Cape Wind corrects The Vineyard Gazette

EDITOR'S NOTE: Last week's edition of the Vineyard Gazette carried a front page story both in print and online stating that the Cape Wind project alone  received special consideration under the most recent energy bill passed by Congress. Cape Wind was not contacted before the story ran and, after the story was published, sent the following op-ed to The Gazette. We reprint it here because unlike the inaccurate and biased story, this op-ed piece did not appear in the Gazette online this week, unlike the story that prompted it.

Cape Wind's response to the Vineyard Gazette

Last week’s Vineyard Gazette contained a front page news article written by Editor Julia Wells, entitled, “Wind Farm Is Favored in Bill - Special Interest Language Was Quietly Placed in Energy Act That Exempts Cape Wind From Public Bidding”.

The primary source for this article about Cape Wind was an unnamed, anonymous party. 

Cape Wind was not contacted by anyone at the Vineyard Gazette and was not given any opportunity to respond to the information provided to the Gazette by their anonymous source for this article.

This column seeks to convey to Ms.

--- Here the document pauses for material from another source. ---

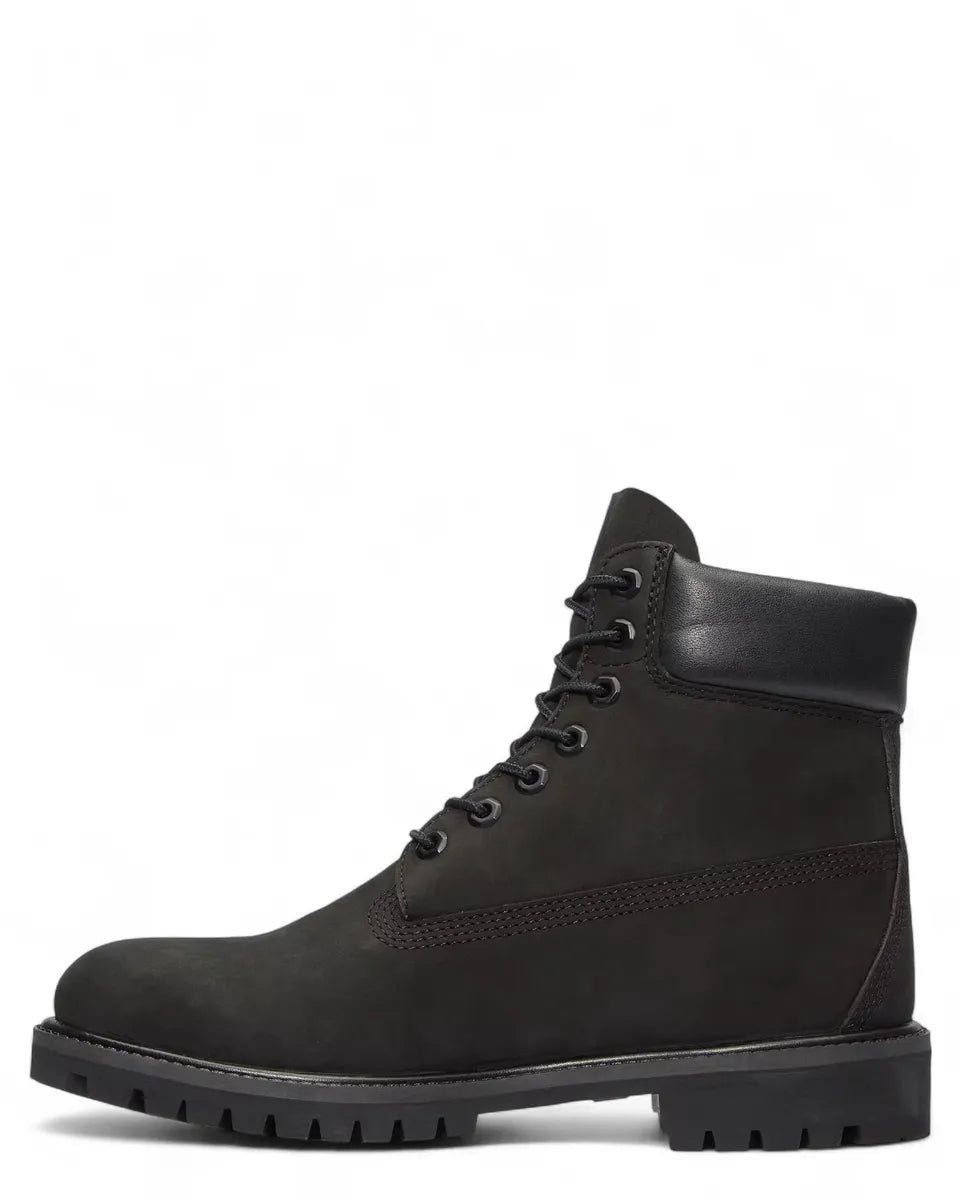 Stivaletti Timberland in Nubuck Nero Impermeabile-Stivali-TIMBERLAND-Vittorio Citro Boutique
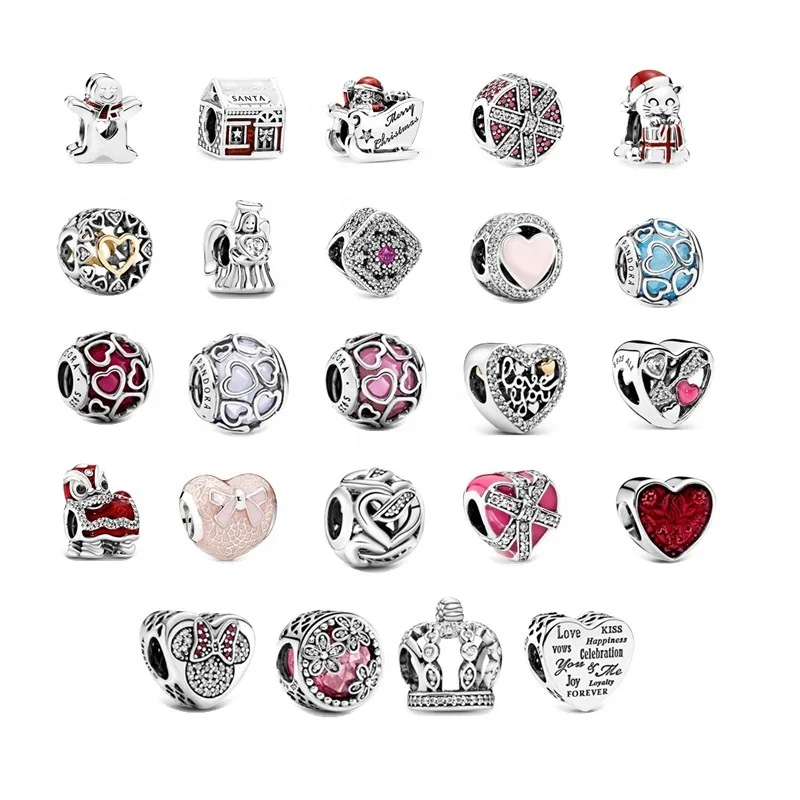 

925 Sterling Silver Charms Jewelry Making Different kinds of Jewelry Accessories for pandora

Wells, the Vineyard Gazette, and the readers of this newspaper, what information Cape Wind would have provided.

First, the article is factually incorrect when it states “It was well known at the time that Cape Wind was the only project that met the criteria in the savings provision”.   In fact, the language also applied to the wind farm proposed offshore Long Island by the Long Island Power Authority.

The “savings provision” of Section 388(d) of the Energy Policy Act would ensure that the country’s two active proposals for offshore wind at that time not be penalized by requiring the permitting process start over again from the beginning.  Evidently the Senate Energy Committee determined that it would be unfair to require the Cape Wind or Long Island projects to have to re-file forms or be subjected to competitive bidding. 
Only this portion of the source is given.